但此時,這個一直堅定著信仰,要“誅邪除惡”的少女,也在面臨著信仰的崩潰。
……因為她突然發現,自己一直要殺的惡魔,居然自始至終,都只是為了拯救他們。
“偽軍佔據著最好的地盤,最好的資源點,掌握著最優異的血脈覺醒技術!你們明明有著那麼多的資源,那麼強大的力量,憑什麼對外界肆虐的魔獸管都不管!”單雙嘶吼著,她根本無法相信輝書航剛剛說的那些,像一道閃電劈中了她一般,她的全身都在篩子似的發抖:
“你在騙人,你們貴族就是喜歡玩掩飾這一套,你們根本就不知道,我們這一路都是怎麼走過來的,還有,還有晨陽他們——”
輝書航看著她,不言不語。
“我帶著孩子們加入了革命軍,就是為了質問你們,而我現在也確實走到了你們面前!”單雙舉起黑刀,指著她:“——憑什麼,憑什麼你們坐擁最安全的地方,享受著這麼奢靡的生活,肆無忌憚地壓榨著我們,到了這種最後關頭,又硬生生給你們的暴政要扣一個大義的名頭!?”
單雙大喊著,滿面淚水,瀕臨崩潰。
跟隨著她的人,追尋著推翻“暴政”的信念,即使代價是他們自己如撲火飛蛾一般死去,也仍然前赴後繼。

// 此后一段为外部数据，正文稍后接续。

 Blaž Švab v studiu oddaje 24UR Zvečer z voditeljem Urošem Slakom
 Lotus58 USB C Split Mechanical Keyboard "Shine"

他們一直認定著一個【未來】,即使那個未來,他們自己也將再也見不到。
她為此,不知道就此永久送別了多少戰友。
但現在,事實在告訴她,他們一直以來的信念,走下去的理由,原來在最大敵人的眼前,都是不值一提的東西。
對方甚至主動將他們最想要的拱手讓出,而後走得無比瀟灑。
她最憎恨的物件,她發誓要以其血祭劍的人——最後卻是將整個大陸的生機和未來都留給他們。
她在星夜裡,曾經與蘇明安聊過。
她說,她要讓那些偽軍明白,沒有人可以決定誰是犧牲者,也沒有該為什麼大局就活該去死。
她看見的貴族,也是一群暴徒,仗著手握權力,肆意批判,將人的血脈視作衡量人高低貴賤的唯一標準。
她恨極,恨不得手刃仇人,恨不得讓這些人全部去死。
而現在,她成功了。
她站在正軍的廣場上,旁邊就是她最恨的人的屍體,而高臺下方,她所憎恨的所有貴族,都在瑟瑟發抖,等待著被獻祭給這片大陸的命運。
她看著輝書航的眼神,這位“同流合汙”的貴族小蘿莉,用著一種極其淡漠地眼神回望著她,似乎在對她說——你想讓我們知道的這些事情,我們比你看得要更清楚,更明白。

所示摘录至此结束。